MA03 Cimetière militaire & chapelle russe de Saint-Hilaire-le-Grand
Edifiés sur le plateau de la Champagne crayeuse, caractérisée par une végétation de résineux et de végétation basse, près du village de Saint-Hilaire-Le-Grand, le cimetière et sa chapelle bénéficient d’un écrin de verdure fait de résineux et de bouleaux. Ce dernier rehausse leur identité dans la plus pure tradition orthodoxe. Ils représentent véritablement, à échelle réduite, la Russie.
Dans le cimetière militaire 489 soldats reposent en tombes individuelles et 426 en deux ossuaires. Un monument situé au sein du cimetière récemment réhabilité, porte une plaque émaillée, scellée à son pied présentant une épitaphe en cyrillique ornée de l’aigle bicéphale, emblème de l’Empire russe.
La chapelle orthodoxe russe, de taille modeste, présente un style inspiré du 15e siècle russe dit de Novgorod-Pskov (style byzantin). Sa toiture vert-bronze est surmontée d’un bulbe bleu et d’un clocher en forme de pyramide tronquée coiffé d’un bulbe doré garni de trois cloches. Les élévations en parpaings et le toit en béton sont peints. L’intérieur de la chapelle est décoré dans la plus pure tradition orthodoxe, de fresques religieuses et d’icônes, œuvres des artistes P.A. Fédoroff et de la princesse E. S. Lvova. Là sont conservés des souvenirs du corps expéditionnaire russe : fanions, clairons, lettres, diplômes, etc. Sa construction a été confiée à Albert Alexandrovitch Benois, un architecte et peintre d’origine française né à Saint-Pétersbourg. Un alignement de tombes d’anciens officiers russes est visible sur le bord nord de la chapelle. Elles portent la croix orthodoxe, maintenant la mémoire de ceux qui ont pérennisé et valorisé le site.
Le cimetière a été créé dès l’été 1916 et est situé juste derrière l’ancien front dans un repli de terrain permettant son édification. Il recueille les corps de combattants russes des 1ère et 3e Brigades ainsi que ceux de la Légion russe venues combattre en Champagne entre juillet 1916 et avril-mai 1917. La plupart des morts sont tués lors de l’offensive du 16 avril 1917. Les deux brigades sont ensuite retirées du front pour cause de troubles révolutionnaires et les loyalistes terminent la guerre auprès des alliés au sein de la Légion russe.
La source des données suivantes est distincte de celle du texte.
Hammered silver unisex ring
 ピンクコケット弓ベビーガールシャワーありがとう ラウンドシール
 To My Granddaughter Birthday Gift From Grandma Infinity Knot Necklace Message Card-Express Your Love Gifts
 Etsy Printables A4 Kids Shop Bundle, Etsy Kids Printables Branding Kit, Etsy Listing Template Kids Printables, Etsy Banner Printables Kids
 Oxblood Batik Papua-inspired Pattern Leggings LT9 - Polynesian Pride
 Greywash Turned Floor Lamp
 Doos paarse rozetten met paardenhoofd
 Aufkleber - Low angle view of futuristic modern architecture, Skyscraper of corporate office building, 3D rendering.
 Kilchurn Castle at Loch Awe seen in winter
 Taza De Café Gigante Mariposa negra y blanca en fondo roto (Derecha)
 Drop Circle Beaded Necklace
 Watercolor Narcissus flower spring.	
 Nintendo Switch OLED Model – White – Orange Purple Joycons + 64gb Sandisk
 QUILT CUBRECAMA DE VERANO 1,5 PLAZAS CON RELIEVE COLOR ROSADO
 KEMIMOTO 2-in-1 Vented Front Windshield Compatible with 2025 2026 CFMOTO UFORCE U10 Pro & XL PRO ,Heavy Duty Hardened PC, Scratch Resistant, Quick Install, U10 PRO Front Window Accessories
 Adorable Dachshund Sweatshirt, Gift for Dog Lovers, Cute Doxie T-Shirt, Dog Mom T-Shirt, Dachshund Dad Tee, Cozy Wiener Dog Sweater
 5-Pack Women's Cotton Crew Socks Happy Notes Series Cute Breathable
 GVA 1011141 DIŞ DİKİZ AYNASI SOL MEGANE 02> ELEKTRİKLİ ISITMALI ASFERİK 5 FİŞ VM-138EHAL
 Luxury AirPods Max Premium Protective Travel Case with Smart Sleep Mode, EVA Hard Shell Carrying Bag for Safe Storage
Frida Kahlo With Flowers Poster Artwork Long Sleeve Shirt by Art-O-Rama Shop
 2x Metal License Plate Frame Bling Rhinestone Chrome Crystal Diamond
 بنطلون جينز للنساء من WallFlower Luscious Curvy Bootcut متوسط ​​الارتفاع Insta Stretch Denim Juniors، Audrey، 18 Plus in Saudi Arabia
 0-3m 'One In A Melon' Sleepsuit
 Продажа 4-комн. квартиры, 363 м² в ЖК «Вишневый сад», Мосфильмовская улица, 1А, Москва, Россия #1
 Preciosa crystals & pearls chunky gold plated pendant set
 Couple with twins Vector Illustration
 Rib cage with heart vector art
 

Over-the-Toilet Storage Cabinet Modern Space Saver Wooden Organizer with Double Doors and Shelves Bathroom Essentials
L’association des officiers russes anciens combattants sur le front français, créée en 1923, perpétue et développe la mémoire du lieu. Elle fait l’acquisition de la parcelle voisine au cimetière. En 1936, l’association initie sur cette parcelle la construction d’une chapelle commémorative et lance une souscription à laquelle le célèbre compositeur russe Serguei Rachmaninov contribue. Elle est inaugurée le 16 mai 1937.
L’écrivain Jean Giono a dédié le chapitre du livre, « Solitude de la pitié » à la mémoire de son ami russe, le soldat Ivan Ivanovitch Kossiakoff, tombe n°372 du cimetière. L’écrivain soviétique dissident Alexandre Soljenitsyne s’est rendu au cimetière russe de Saint-Hilaire-Le-Grand le 6 avril 1975 et a participé à un office religieux dans la chapelle. Cette visite l’inspire dans la suite donnée à son ouvrage » Août 14″. En 1990, l’association du souvenir du corps expéditionnaire russe en France (ASCERF) reprend la gestion de l’ancienne association des officiers russes faute de survivant. Soulignons que certains anciens officiers, décédés depuis, ont souhaité avoir leur sépulture près de la chapelle. En 1998, pour la première fois, l’ambassadeur de la Fédération de Russie a participé aux commémorations accompagné du secrétaire d’Etat aux anciens combattants Jean-Pierre Masseret. La Russie est depuis officiellement représentée lors des cérémonies annuelles.
Ce lieu est imprégné de l’esprit orthodoxe à travers son architecture, sa scénographie, et le protocole de célébration. Avec les valeurs culturelles qui se rattachent au site, il se caractérise comme étant un coin de terre de la Russie. Un pèlerinage annuel a lieu chaque dimanche de Pentecôte (messe orthodoxe, bénédiction des tombes, chorale russe…) et un repas traditionnel perpétue une tradition inaugurée le jour de la consécration de la chapelle-mémorial en 1937. Des organisations de jeunes d’origine russe (vitiaz, scouts et sokols) prennent part systématiquement à cette commémoration.